Kelainan patofisiologis utama dalam skizofrenia dapat terjadi dalam salah satu dari

sejumlah neurotransmiter yang berbeda (misalnya, dopaminergik, glutamatergic, atau sistem


serotonergik), dengan perubahan neurotransmiter lain yang terjadi sekunder. Sebagai contoh,
kecacatan primer yang mengakibatkan pelepasan presinaptik abnormal DA (reseptor
dopamin) dari neuron dan ketidak-efektifan mekanisme umpan balik dapat menyebabkan
postsynaptic hipersensitivitas reseptor DA. Hipofungsi reseptor NMDA (N-methyl-Daspartate) dapat menyebabkan disregulasi antara sistem neurotransmitter.

Diagnosis
Kriteria berikut merupakan diagnosis skizofrenia:
Disfungsi persisten yang berlangsung lebih lama dari 6 bulan

Dua atau lebih gejala (hadir selama minimal 1 bulan), termasuk halusinasi, delusi, bicara
tidak teratur, sangat tidak teratur atau perilaku katatonik (gangguan psikomotorik, dan gejala
negatif.
Secara signifikan fungsi terganggu dalam hal bekerja, interpersonal, atau perawatan diri.
Klasifikasi gejala :
Gejala positif (yang paling terpengaruh oleh obat antipsikotik) meliputi delusi, bicara tidak
teratur (gangguan asosiasi), halusinasi, gangguan perilaku (tidak terorganisir atau katatonik),
dan ilusi.
Gejala negatif meliputi alogia (gangguan berbicara), avolition ((tidak ada kemauan),
perasaan yang datar (tidak ada perasaan bahagia dan gembira), gangguan sosial dan
hilangnya motivasi.
Disfungsi kognitif adalah kategori gejala lain yang mencakup gangguan perhatian, memori
kerja, dan fungsi eksekutif.
Tujuan terapi pengobatan

Mengembalikan fungsi pasien kepada fungsi sebelum menderita skizofrenia, atau


paling tidak mendekati fungsi sebelum menderita.

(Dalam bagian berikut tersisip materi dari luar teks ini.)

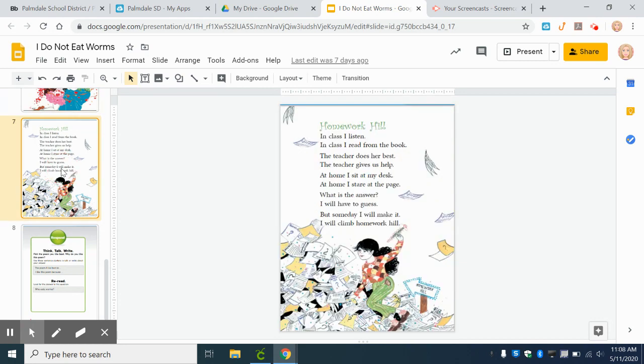Homework Hill. In class, I listen. In class, I read from the book. The teacher does her best. The teacher gives us help.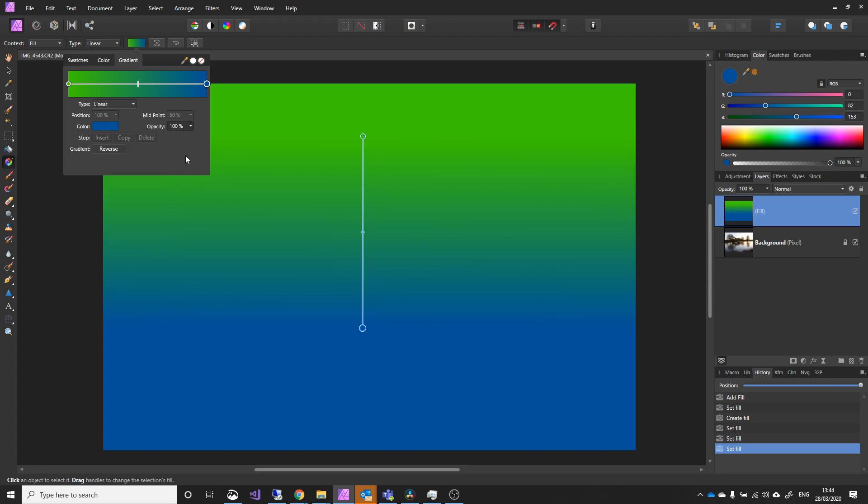So basically we've got a gradient, and the way it's working is from this top point here, anything above is the pure green colour. From the bottom one, we've picked a blue, and that's the full blue. In between, you're getting a gradual change from blue to green.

Mengendalikan gejala positif dan negatif pada penderita.

Pengobatan
1. Nonfarmakologi
Program rehabilitasi psikososial berorientasi pada peningkatan fungsi adaptif pasien
adalah andalan pengobatan nondrug untuk skizofrenia . Program-program ini dapat
mencakup keterampilan hidup dasar , pelatihan keterampilan sosial , pendidikan dasar ,
program kerja , dan didukung perumahan . Secara khusus , program yang bertujuan
pekerjaan dan perumahan telah menjadi intervensi yang lebih efektif dan dianggap "
terbaik praktek " bagi orang-orang dengan gangguan mental serius dan gigih . Program
yang melibatkan keluarga dalam perawatan dan hidup pasien memiliki juga telah terbukti
menurunkan rehospitalization dan untuk meningkatkan fungsi di masyarakat . Untuk
khususnya pasien rendah fungsi , program intervensi tegas disebut pengobatan
masyarakat aktif ( ACT ) yang efektif dalam meningkatkan hasil fungsional pasien . Tim

ACT yang tersedia selama 24 jam dan bekerja di pasien rumah dan tempat kerja untuk
memberikan perawatan yang komprehensif , termasuk obat-obatan , intervensi krisis ,
keterampilan hidup sehari-hari , dan didukung pekerjaan dan housing. Psikoterapi
pendekatan untuk pengobatan skizofrenia diberikan pada tabel di bawah ini

2. Farmakologi
Obat-obat yang antipsikotik

Pasien hamil

Penggunaan obat antipsikotik selama kehamilan diberikan dengan dosis yang paling
rendah.

pilihan antipsikotik yang paling aman adalah haloperidol (FGAs) karena tidak
ditemukan efek teratogen pada penggunannya selama kehamilan.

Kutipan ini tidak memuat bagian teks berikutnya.